What I know about American Indian cuisine is small—because the subject is so big. But the article reminded me that the role of Indian agriculture and the adoption of Indian foods worldwide are constantly overlooked. I know I have said this in other posts, but it is always worth repeating: over half of today’s world food crops started in the Americas! Where would Russia, Norway, and Ireland be without potatoes, Italy without tomatoes, Africa without cassava (manioc)? The Americas are huge, and the food gifts to the rest of the world are immense—think beans, squash, maize, sweet potato and more, which, in the decades after Columbus, changed the faces (and tastes) of Europe, Africa, and Asia. American Indians before the Europeans were not all hunter-gatherers, and most who hunted and gathered also farmed.
This piece on Indian cooking got me thinking in another direction too, the milpa. In 1491: New Revelations of the Americas Before Columbus, Charles Mann describes “maize milpas” in Central America in which a dozen plants are grouped in a small field. A dozen plants that feed each others’ needs as they provide a balanced diet to their farmers. Some milpas have been productively “farmed” for 4,000 years!

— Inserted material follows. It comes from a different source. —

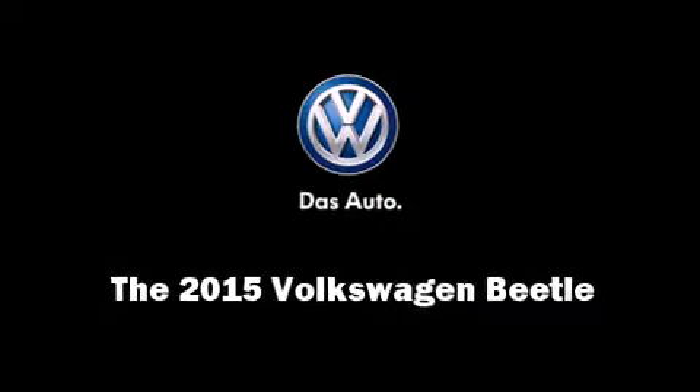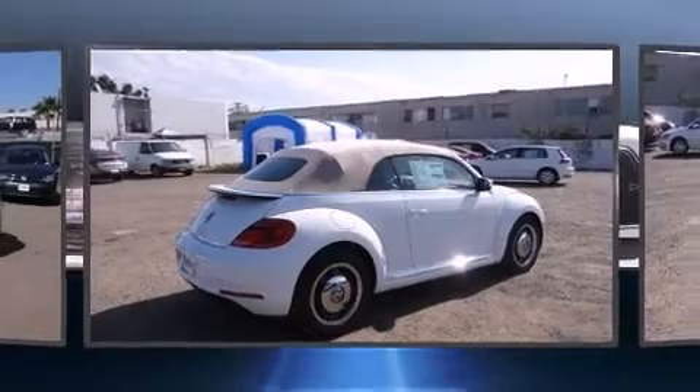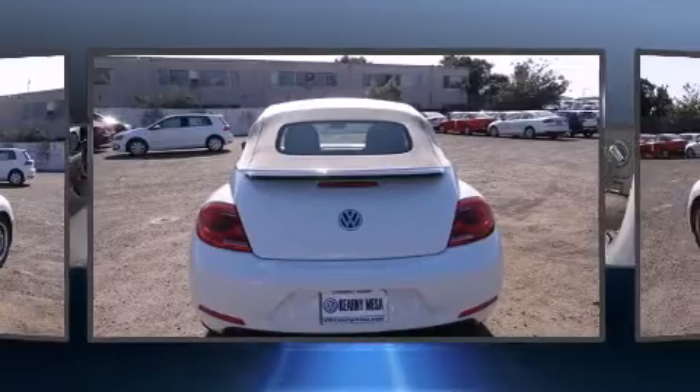Outstanding design defines the 2015 Volkswagen Beetle. This two-door, four-passenger convertible offers the features and options for which you've been searching.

|Milpa four months after planting the maiz canopy shades
beans, squash, macal, amaranths and quiniopods and
much more. Credit: MacduffEverton.com
One of the earliest images of Indian North America which many of us learned as third or fourth graders mimicking the first Thanksgiving is of an Indian named Squanto hunched over a hole in the ground in which he is placing a fish in preparation for planting corn, beans, and squash. The fish will succor the plants, the corn will provide stalk for the beans to climb, and the squash will cover the ground and keep down weeds and enhance moisture for it all. Squanto was really Tisquantum, and the scene which we all saw was about indigenous American agriculture. There is no doubt in my mind that there were other useful plants in Tisquantum’s milpa—herbs and medicinals, plants the English probably saw as weeds.
The English and Spanish adapted the American plants, took many back to Europe, and planted them all in rows on both sides of the ocean. They ignored the milpa, and one can argue that the agricultural journey that they launched led to monocultures that eventually depends on hybrids and fierce amounts of chemical fertilizers while ignoring companion planting and even the related idea of crop rotation.
Jack Weatherford, in Indian Givers: How the Indians of the Americas Transformed the World, says that North Americans continued to plant corn in hills until the 1930s. Even without the entire milpa, Weatherford argues that moving away from hilling has increased soil erosion in the Mississippi River system dramatically.
Mann recognizes that the milpa might be impractical in today’s large-scale agriculture, but suggests we might learn a thing or two from “gardens” that have been around for thousands of years.
And, I’ll add, from chefs like Sean who are exploring the same cultural legacy.